3. Everybody was waiting to see who will win, and join the winning side
> All despite that PMC Wagner is a criminal organization famous for extra-judicial executions, war crimes etc. An organization led by an open nazi (Utkin) and assembled from prisoners, many of which were convicted for violent crimes. It is crazy how people can even think of collaborating with them.
4. I'm surprised this coming as a surprise to anybody. They would've gotten the same treatment in much of the world.
> Russia still has nuclear weapons and it is big enough that even without using them by falling apart it can destabilize the entire world.
Russia will be 100 times less of a treat to the world, if it crashes, and breaks apart.
This is factually incorrect and probably ideologically charged statement. Freedom of press in Russia is significantly restricted but good journalism is far from being dead. Sometimes you have to read between the lines or understand the affiliations to filter the content, but it still can provide you a lot of valuable information.
Why do you think it’s not this?
While I don’t know how truly “weakened” Putin has become, this seems like it could have easily been a trap to find any who would side with them.
I'm inclined to believe that this entire drama was manufactured by the MSM working with US Intelligence to spread the fallacy that there is chaos on the Russian side. Prigozhin may have been upset that he wasn't getting the support his men needed and may have retreated in protest. And even that is pure speculation.

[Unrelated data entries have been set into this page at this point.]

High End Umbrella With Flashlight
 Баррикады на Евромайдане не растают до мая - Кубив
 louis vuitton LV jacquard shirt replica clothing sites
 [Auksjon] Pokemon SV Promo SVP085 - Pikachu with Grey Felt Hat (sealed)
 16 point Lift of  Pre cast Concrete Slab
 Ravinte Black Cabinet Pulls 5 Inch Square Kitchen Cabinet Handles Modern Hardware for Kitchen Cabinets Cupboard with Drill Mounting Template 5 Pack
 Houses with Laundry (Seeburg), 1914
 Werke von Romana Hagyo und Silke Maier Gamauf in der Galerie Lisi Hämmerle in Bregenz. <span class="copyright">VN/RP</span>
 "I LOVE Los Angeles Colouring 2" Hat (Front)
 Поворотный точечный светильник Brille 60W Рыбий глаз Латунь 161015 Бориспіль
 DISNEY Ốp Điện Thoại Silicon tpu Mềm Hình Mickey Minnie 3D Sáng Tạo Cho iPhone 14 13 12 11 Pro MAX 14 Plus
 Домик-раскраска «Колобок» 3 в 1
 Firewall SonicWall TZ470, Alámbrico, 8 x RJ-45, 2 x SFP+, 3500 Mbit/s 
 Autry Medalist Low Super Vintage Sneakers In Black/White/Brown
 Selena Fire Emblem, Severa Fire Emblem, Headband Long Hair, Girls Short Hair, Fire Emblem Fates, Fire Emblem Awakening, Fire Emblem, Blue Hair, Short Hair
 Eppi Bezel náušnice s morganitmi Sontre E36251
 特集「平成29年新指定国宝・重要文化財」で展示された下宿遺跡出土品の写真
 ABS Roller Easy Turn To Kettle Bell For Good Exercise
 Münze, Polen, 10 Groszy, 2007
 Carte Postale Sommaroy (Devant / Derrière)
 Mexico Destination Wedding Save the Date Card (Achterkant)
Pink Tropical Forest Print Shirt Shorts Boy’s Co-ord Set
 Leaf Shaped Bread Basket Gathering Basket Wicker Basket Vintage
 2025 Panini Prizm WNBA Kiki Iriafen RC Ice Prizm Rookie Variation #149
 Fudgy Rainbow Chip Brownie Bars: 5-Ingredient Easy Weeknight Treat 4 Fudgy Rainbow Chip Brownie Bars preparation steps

Prigozhin isn't an idiot and if he purportedly did what the MSM is parroting then he failed spectacularly and sending Putin a j/k, bff? SMS isn't going to cut it. If Prigozhin is alive a week from now, then this was just more manufactured bullshit from the MSM.
If this is the case, then this isn't going to be the Russian Civil War/Coup that people had hoped to end the war. Russia is certainly a mess though, and this might cause other political forces in Russia to act.
I am reminded of the story:
Chen Sheng was an officer serving the Qin Dynasty, famous for their draconian punishments. He was supposed to lead his army to a rendezvous point, but he got delayed by heavy rains and it became clear he was going to arrive late.
Chen turns to his friend Wu Guang and asks “What’s the penalty for being late?”
“Death,” says Wu.
“And what’s the penalty for rebellion?”
“Death,” says Wu.
“Well then…” says Chen Sheng.
And thus began the famous Dazexiang Uprising, which caused thousands of deaths and helped usher in a period of instability and chaos that resulted in the fall of the Qin Dynasty three years later.
To repeat myself from another comment: haven't we hadn't enough examples of smart people being stupid lately?
That’s an absolute win, for Prigozhin, since that was the original goal
this internal issue has nothing to do with anyone outside of that region
thats a pretty big shakeup. “I dont like this guy and there is no political process to remove him so I brought in my private army, the President fleed and he resigned in 10 hours”
Seems like a terrible outcome for Putin. He looks really weak and presumably just lost most if not all of Wagner, who were his most effective troops. He might have Prigozhin poisoned, but that would probably cause further instability internally as it causes more of his leadership to realize he'll clearly betray anybody and his word isn't worth anything.
Cannot be - on this level it's basic/simple strategy, if he's as good as he says he is then he would have forseen such situation => I don't believe in a "sudden realization/enlightenment" by Prigozhin.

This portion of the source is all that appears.